To answer my own question, in case someone else runs into this. The spark user
needs to be in the same group on the namenode, and hdfs caches that information
for it seems like at least an hour. Magically started working on its own.
Greg
From: Greg greg.h...@rackspace.commailto:greg.h...@rackspace.com
Date: Tuesday, September 9, 2014 2:30 PM
To: user@spark.apache.orgmailto:user@spark.apache.org
user@spark.apache.orgmailto:user@spark.apache.org
Subject: spark on yarn history server + hdfs permissions issue
I am running Spark on Yarn with the HDP 2.1 technical preview. I'm having
issues getting the spark history server permissions to read the spark event
logs from hdfs. Both sides are configured to write/read logs from:
hdfs:///apps/spark/events
The history server is running as user spark, the jobs are running as user
lavaqe. Both users are in the hdfs group on all the nodes in the cluster.

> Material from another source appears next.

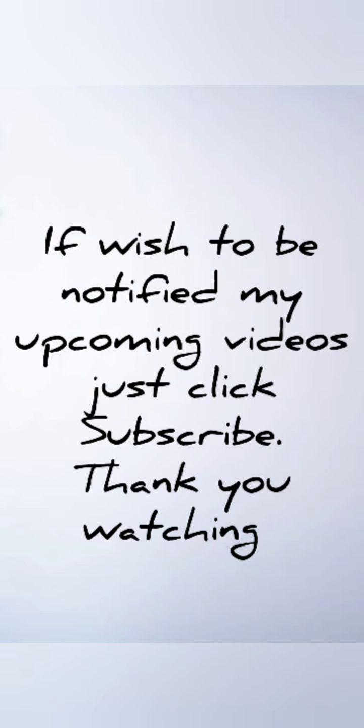I hope you find this video helpful. If you wish to be notified of my upcoming videos, just hit the subscribe button — I always assure the best for you.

That root logs folder is globally writeable, but owned by the spark user:
drwxrwxrwx - spark hdfs 0 2014-09-09 18:19 /apps/spark/events
All good so far. Spark jobs create subfolders and put their event logs in
there just fine. The problem is that the history server, running as the spark
user, cannot read those logs. They're written as the user that initiates the
job, but still in the same hdfs group:
drwxrwx--- - lavaqe hdfs 0 2014-09-09 19:24
/apps/spark/events/spark-pi-1410290714996
The files are group readable/writable, but this is the error I get:
Permission denied: user=spark, access=READ_EXECUTE,
inode=/apps/spark/events/spark-pi-1410290714996:lavaqe:hdfs:drwxrwx---
So, two questions, I guess:
1. Do group permissions just plain not work in hdfs or am I missing something?
2. Is there a way to tell Spark to log with more permissive permissions so the
history server can read the generated logs?
Greg